Control Plane And API
The control plane determines whether Kubernetes behaves like a platform or only like a cluster running containers. The API server is the central gate, so the most important policy decisions should be enforced there or directly around it.
Components
| Component | Production concern |
|---|---|
| API server | Authn/authz, admission, rate limits, audit, API availability. |
| etcd | Encryption, backup, compaction, quorum, restore drill. |
| Scheduler | Placement, fairness, priority, topology awareness. |
| Controller manager | Reconcile correctness, stuck finalizers, leader election. |
| Cloud controller manager | Load balancer, node lifecycle, route and volume integration. |
API design principles
- Treat Kubernetes manifests as public interfaces. A breaking change in labels, selectors, probes, or PVC names can be as serious as a code API change.
- Custom resources should have clear status conditions. If a CRD cannot explain progress, failure, and observed generation, operators become hard to debug.
- Admission policy should reject unsafe intent early: privileged pods, missing resource requests, mutable image tags, and broad host access.
Failure modes
- API server overload: excessive controllers, chatty clients, or large list calls.
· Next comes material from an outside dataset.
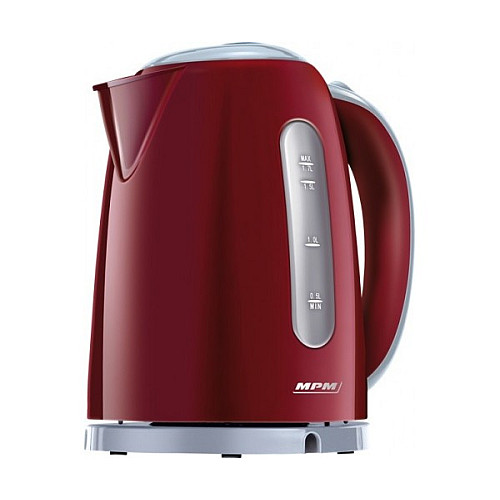 Електрочайник MPM Product MCZ-85/B2 червоний 1.7 л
Watch cache and client-side rate limiting matter.
- etcd pressure: too many events, large objects, or stale compaction can slow cluster-wide operations.
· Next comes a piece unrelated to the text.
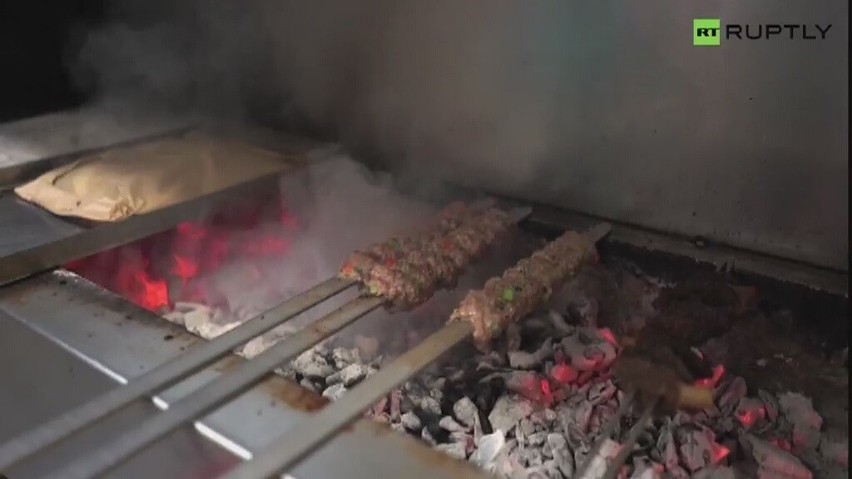 Kebab za 1200 euro! Z czego został zrobiony?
- Admission outage: webhook failure policy can block all workload changes if not designed carefully.
- Controller storm: bad reconciliation can create repeated writes and amplify API pressure.
Operating signals
- API server request latency by verb and resource.
- Admission webhook latency and rejection rate.
- etcd fsync duration, leader changes, database size.
- Controller work queue depth and retry rate.